▶ _Exercise prompt_:
Lines from the one containing "Introverted Tee (Black)" to the end of the entries below must be reproduced exactly, with both end lines kept and no other line added.

▶ _Task inputs_:
++++

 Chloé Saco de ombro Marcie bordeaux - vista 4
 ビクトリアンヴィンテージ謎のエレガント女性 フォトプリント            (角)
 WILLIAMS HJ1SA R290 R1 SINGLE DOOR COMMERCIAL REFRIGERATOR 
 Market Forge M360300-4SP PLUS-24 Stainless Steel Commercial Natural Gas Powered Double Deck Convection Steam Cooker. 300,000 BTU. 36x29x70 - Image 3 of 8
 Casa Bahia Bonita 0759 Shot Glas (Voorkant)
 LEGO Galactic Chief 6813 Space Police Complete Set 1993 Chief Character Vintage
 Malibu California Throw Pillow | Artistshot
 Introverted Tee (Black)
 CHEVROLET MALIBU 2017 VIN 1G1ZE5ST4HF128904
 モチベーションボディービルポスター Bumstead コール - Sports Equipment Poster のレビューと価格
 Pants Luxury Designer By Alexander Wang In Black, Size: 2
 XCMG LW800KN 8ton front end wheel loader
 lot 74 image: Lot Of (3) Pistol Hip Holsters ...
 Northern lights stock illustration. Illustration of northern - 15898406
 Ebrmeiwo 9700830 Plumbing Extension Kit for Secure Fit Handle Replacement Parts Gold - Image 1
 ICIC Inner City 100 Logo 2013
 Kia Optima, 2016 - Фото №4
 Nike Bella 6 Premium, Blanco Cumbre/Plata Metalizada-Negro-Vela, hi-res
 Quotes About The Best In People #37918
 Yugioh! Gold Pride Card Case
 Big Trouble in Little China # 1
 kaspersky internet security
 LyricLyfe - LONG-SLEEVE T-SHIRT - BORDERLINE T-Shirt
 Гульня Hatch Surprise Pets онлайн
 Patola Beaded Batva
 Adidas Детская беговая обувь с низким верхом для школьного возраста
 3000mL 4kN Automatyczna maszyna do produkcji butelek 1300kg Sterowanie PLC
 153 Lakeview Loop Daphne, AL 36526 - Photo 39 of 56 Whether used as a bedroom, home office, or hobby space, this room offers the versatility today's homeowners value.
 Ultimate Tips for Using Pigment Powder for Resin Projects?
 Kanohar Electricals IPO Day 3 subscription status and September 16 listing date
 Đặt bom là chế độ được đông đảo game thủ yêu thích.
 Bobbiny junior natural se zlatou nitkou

++++

▶ _Solution for this exercise_:
 Introverted Tee (Black)
 CHEVROLET MALIBU 2017 VIN 1G1ZE5ST4HF128904
 モチベーションボディービルポスター Bumstead コール - Sports Equipment Poster のレビューと価格
 Pants Luxury Designer By Alexander Wang In Black, Size: 2
 XCMG LW800KN 8ton front end wheel loader
 lot 74 image: Lot Of (3) Pistol Hip Holsters ...
 Northern lights stock illustration. Illustration of northern - 15898406
 Ebrmeiwo 9700830 Plumbing Extension Kit for Secure Fit Handle Replacement Parts Gold - Image 1
 ICIC Inner City 100 Logo 2013
 Kia Optima, 2016 - Фото №4
 Nike Bella 6 Premium, Blanco Cumbre/Plata Metalizada-Negro-Vela, hi-res
 Quotes About The Best In People #37918
 Yugioh! Gold Pride Card Case
 Big Trouble in Little China # 1
 kaspersky internet security
 LyricLyfe - LONG-SLEEVE T-SHIRT - BORDERLINE T-Shirt
 Гульня Hatch Surprise Pets онлайн
 Patola Beaded Batva
 Adidas Детская беговая обувь с низким верхом для школьного возраста
 3000mL 4kN Automatyczna maszyna do produkcji butelek 1300kg Sterowanie PLC
 153 Lakeview Loop Daphne, AL 36526 - Photo 39 of 56 Whether used as a bedroom, home office, or hobby space, this room offers the versatility today's homeowners value.
 Ultimate Tips for Using Pigment Powder for Resin Projects?
 Kanohar Electricals IPO Day 3 subscription status and September 16 listing date
 Đặt bom là chế độ được đông đảo game thủ yêu thích.
 Bobbiny junior natural se zlatou nitkou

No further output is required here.